Il primo febbraio la Commissione europea ha presentato il Green Deal Industrial Plan for the Net-Zero Age considerata la risposta europea all’Inflation Reduction Act (IRA), il più grande investimento pubblico della storia statunitense per la lotta al riscaldamento globale, approvato il 16 agosto 2022. Il piano europeo si inserisce nel contesto del Green Deal europeo e del REPowerEU, e si basa su quattro pilastri: contesto normativo prevedibile e semplificato, accelerazione dell’accesso ai finanziamenti, miglioramento delle competenze e libero scambio per catene di approvvigionamento resilienti. Il quadro sarà completato dal Critical Raw Materials Act, la legge sulle materie prime critiche, che mira a garantire un accesso sufficiente a quei materiali, come le terre rare, che sono vitali per la transizione energetica. Dietro l’accelerazione ai finanziamenti si nasconde in realtà un punto controverso tra gli stati membri, ovvero l’allentamento delle norme sugli aiuti di Stato, tema su cui la Commissione sta consultando gli Stati membri.

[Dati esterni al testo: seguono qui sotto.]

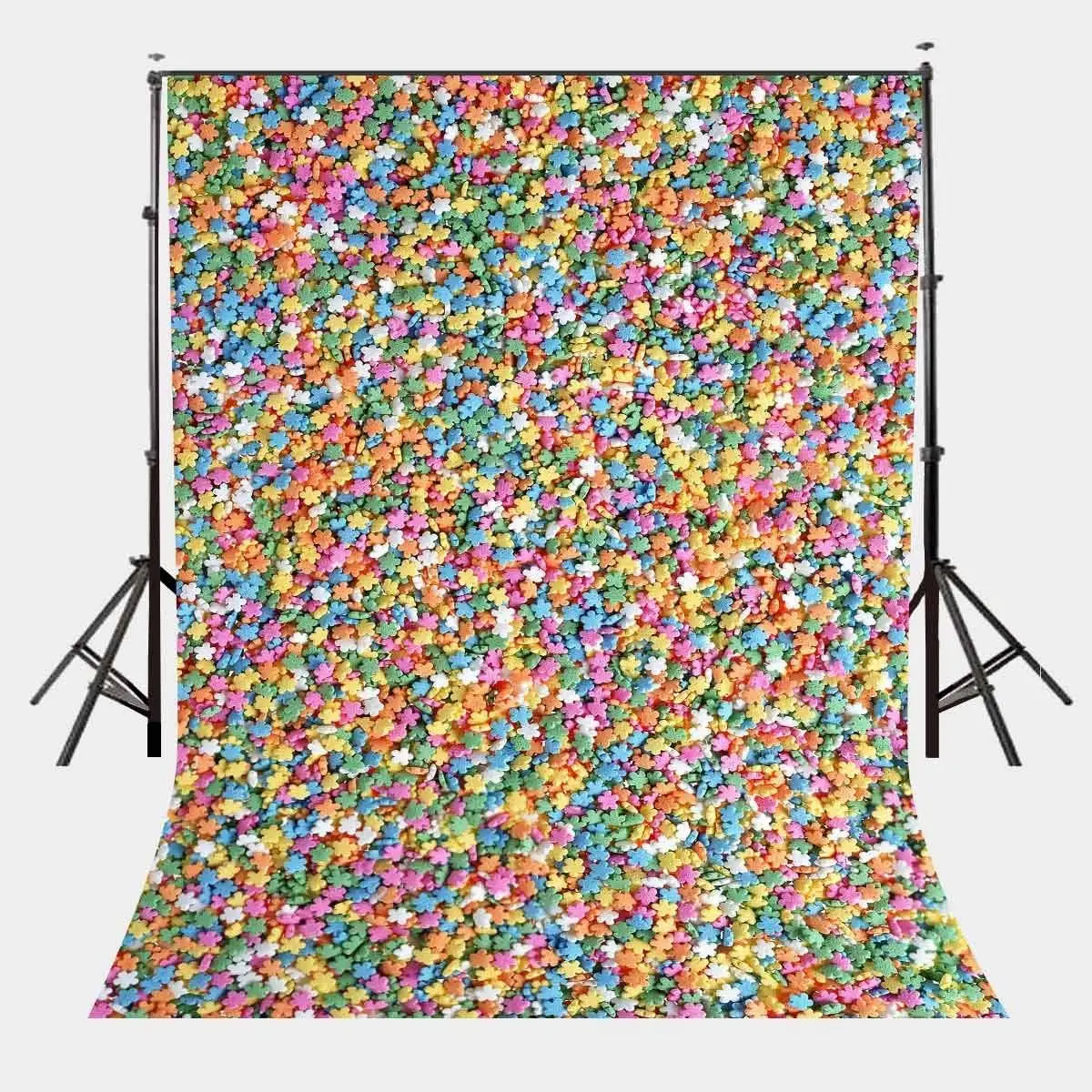 

5x7ft Colorful Stars Photography Backdrop Photo Studio Background Props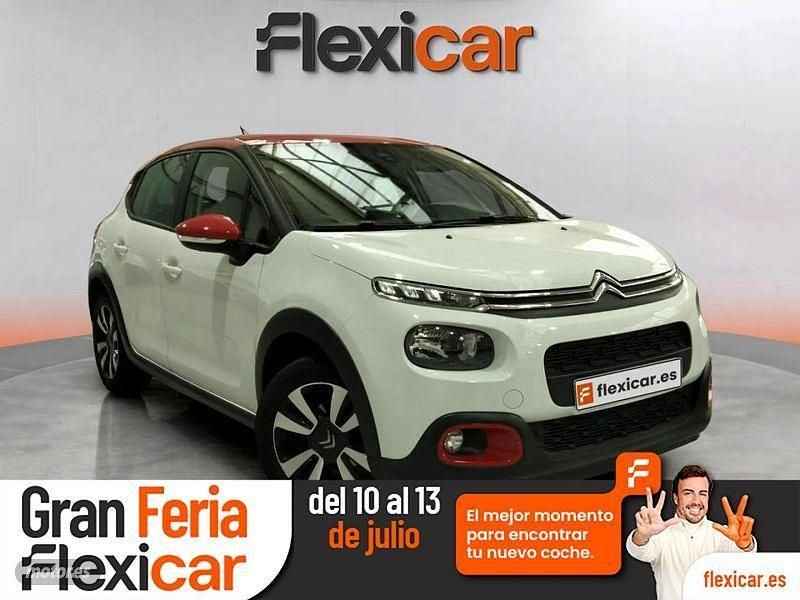 Usado Citroën C3 PureTech 82 CV (60 kW) 2018 Blanco Utilitario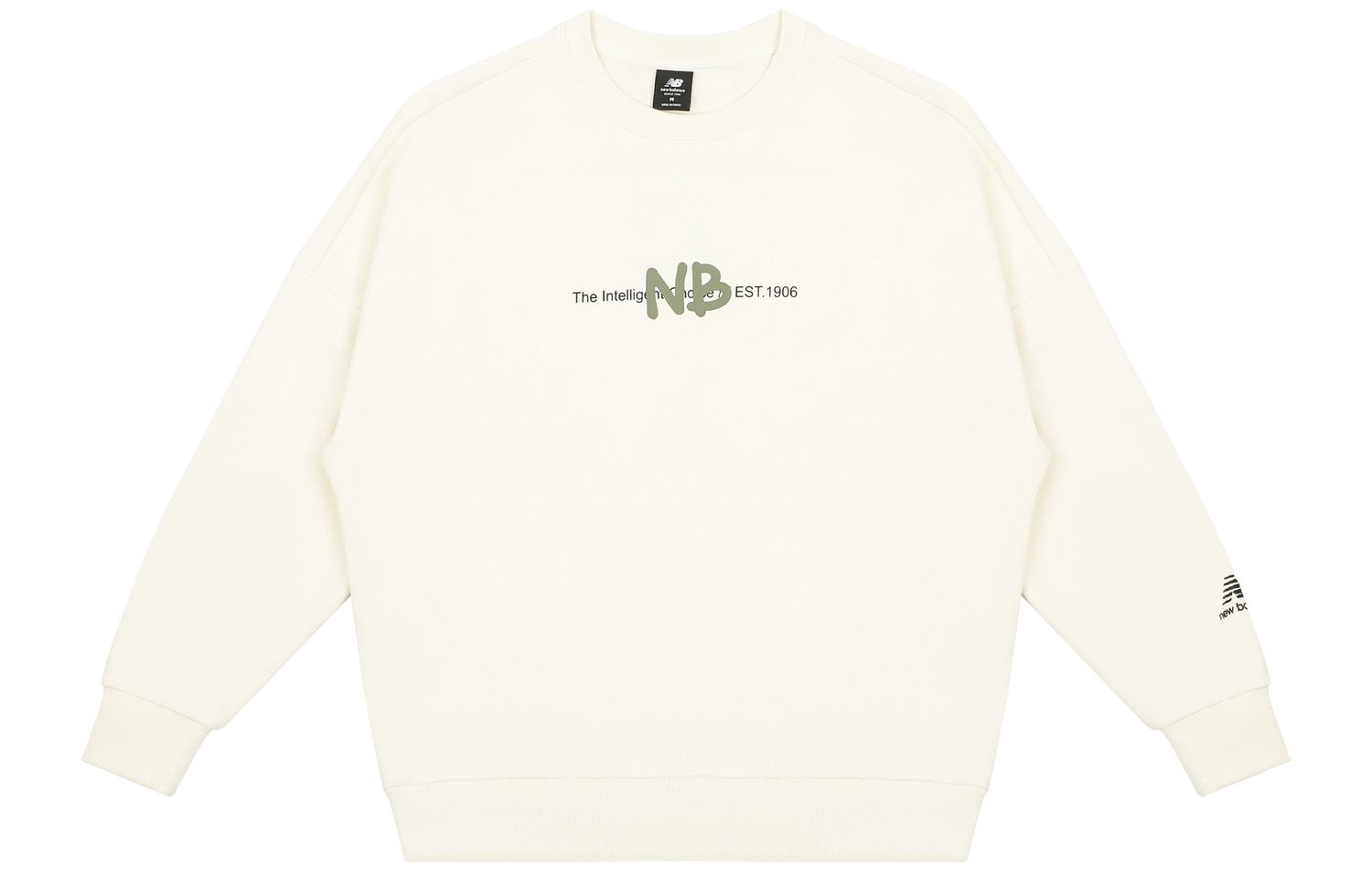 

Свитер мужской цвета айвори New Balance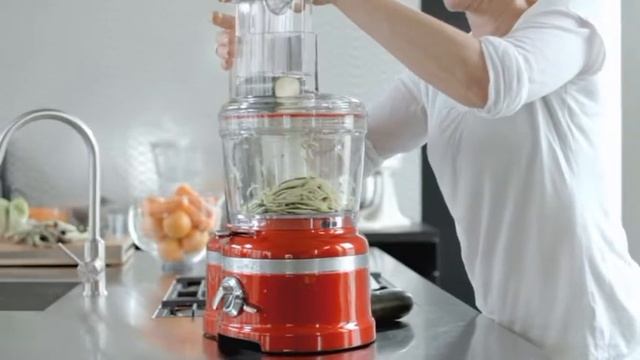 Кухонный комбайн KitchenAid с нарезкой кубиками 5KFP1644E смотреть онлайн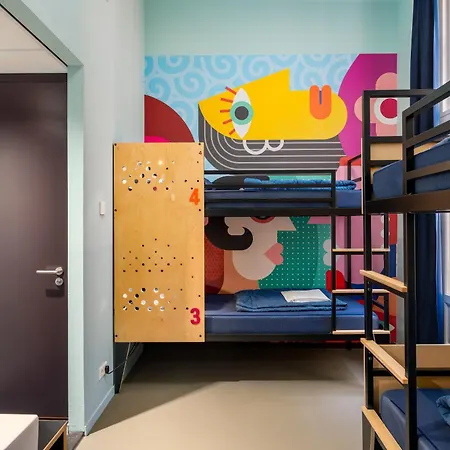 Stayokay Hostel Amsterdam Stadsdoelen-3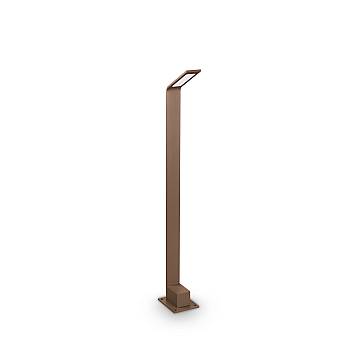 Paletto Contemporaneo Agos Alluminio Coffee Led 6,5W 4000K Ip54 Paletto Contemporaneo Agos Alluminio Coffee Led 6,5W 4000K Ip54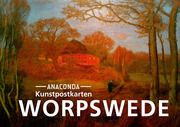 Postkarten-Set Worpswede Anaconda Verlag 9783730612316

Dall’altra parte dell’Atlantico, l’IRA di Biden stanzia fondi per 737 miliardi di dollari, di cui 369 sotto forma di sussidi per promuovere tecnologie per l’energia pulita come veicoli elettrici, batterie, idrogeno, accumulo di energia e trasmissione, prodotte negli Stati Uniti. Per quanto riguarda i veicoli elettrici, non solo devono essere assemblati negli USA, ma, per ottenere i sussidi, anche i minerali critici e le batterie devono essere sempre acquistati da aziende presenti negli Stati Uniti o da un paese con cui gli Stati Uniti hanno un accordo commerciale preferenziale. Inoltre, l’IRA scoraggia l'approvvigionamento da paesi ad alto rischio come la Cina. Questi ultimi aspetti hanno provocato la reazione di altri paesi che hanno cercato di rispondere con azioni analoghe scatenando quella che alcuni definiscono una vera propria "corsa agli armamenti per l'energia pulita", come la definisce nel suo report Carbon Brief.

L'IRA di Biden... e l'ira di Macron e Scholz

Dopo una prima fase, in cui il piano di Biden era stato accolto positivamente sia a livello nazionale sia internazionale, i primi a protestare sono stati i sudcoreani nel mese di settembre 2022, poiché i veicoli elettrici prodotti da Hyundai in Corea del Sud resterebbero esclusi dal credito d'imposta previsto dall'IRA. Sul fronte europeo i più attivi sono stati il cancelliere tedesco Olaf Scholz e il presidente francese Emmanuel Macron. Già a fine ottobre i due erano d’accordo sul fatto che l'UE non poteva rimanere ferma se Washington portava avanti il ​​suo piano. Sempre il presidente francese a dicembre ha accusato l’IRA di “frammentare l’Occidente”.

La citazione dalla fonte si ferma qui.